What to produce
Strip out all images, then restate the data verbatim.

Provided data
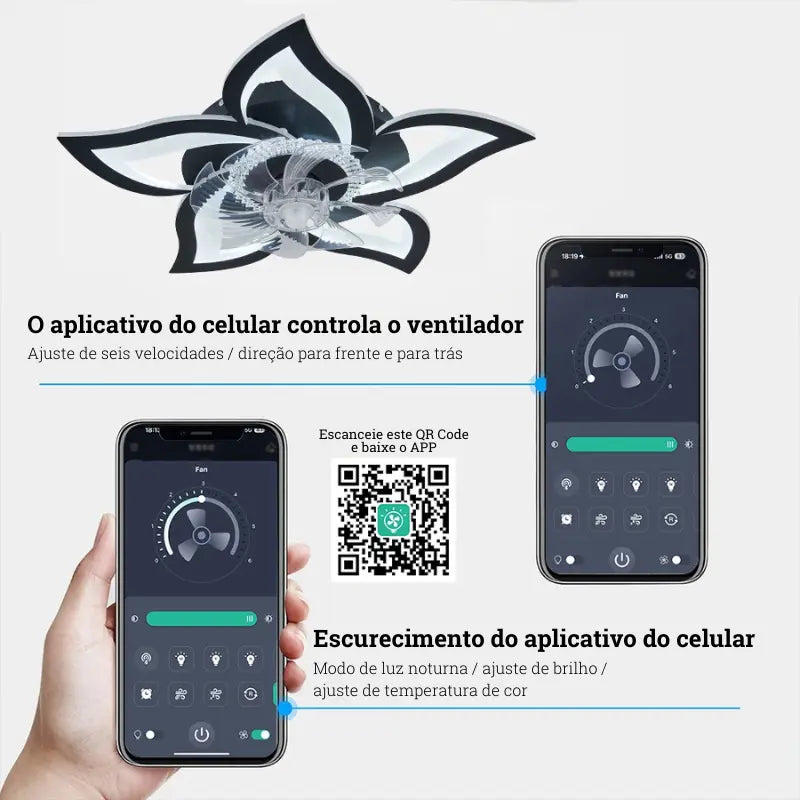 Luminária e Ventilador de Teto Moderno com Controle Remoto Adenium | Henry
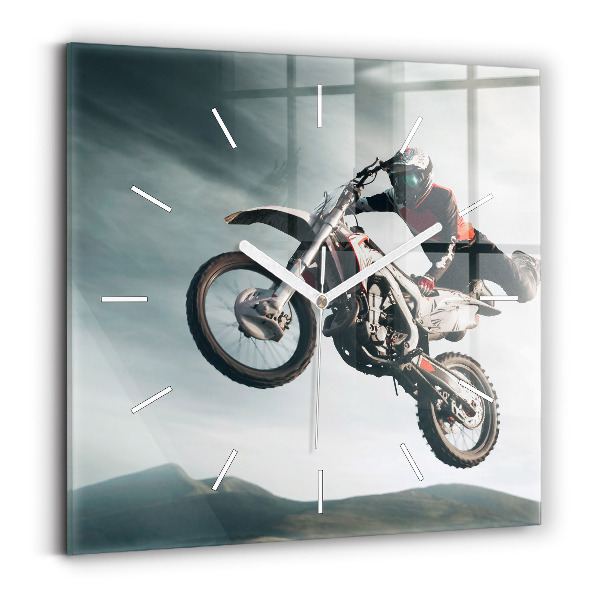 Szögletes fali üvegóra Motorkerékpár Adrenalin stílus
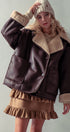 Oversized Faux Shearling Aviator Jacket in Brown - Women's Jackets & Blazers | Urban Daizy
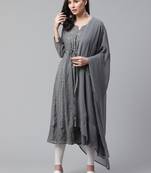Charcoal embroidered georgette embroidered-kurtis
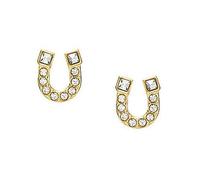 Fossil Pendientes de mujer de acero inoxidable dorado con cierre de botón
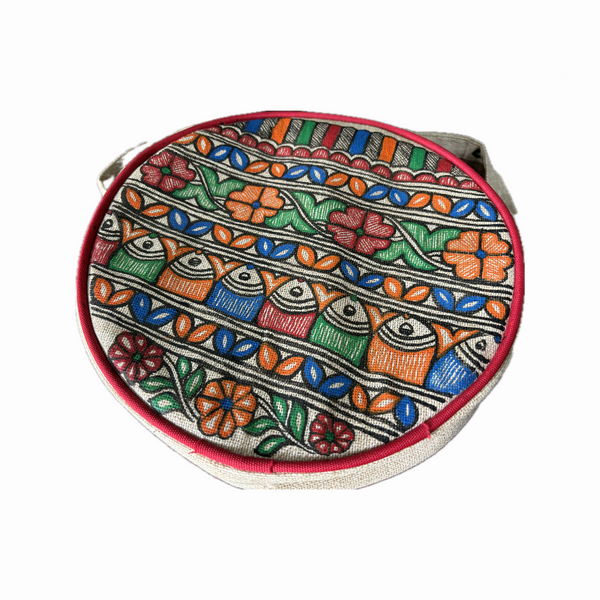 Madhubani painting round sling handbag with full work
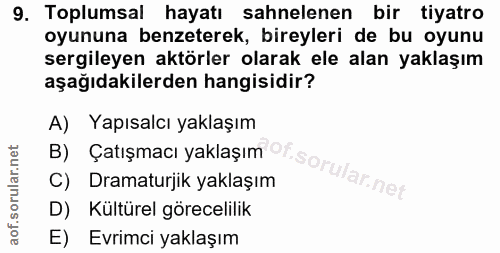 9. soru: Toplumsal hayatı sahnelenen bir tiyatro oyununa benzeterek, bireyleri de bu oyunu sergileyen aktörler olarak ele alan…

Output for this task
 Luminária e Ventilador de Teto Moderno com Controle Remoto Adenium | Henry
 Szögletes fali üvegóra Motorkerékpár Adrenalin stílus
 Oversized Faux Shearling Aviator Jacket in Brown - Women's Jackets & Blazers | Urban Daizy
Charcoal embroidered georgette embroidered-kurtis
 Fossil Pendientes de mujer de acero inoxidable dorado con cierre de botón
 Madhubani painting round sling handbag with full work
 9. soru: Toplumsal hayatı sahnelenen bir tiyatro oyununa benzeterek, bireyleri de bu oyunu sergileyen aktörler olarak ele alan…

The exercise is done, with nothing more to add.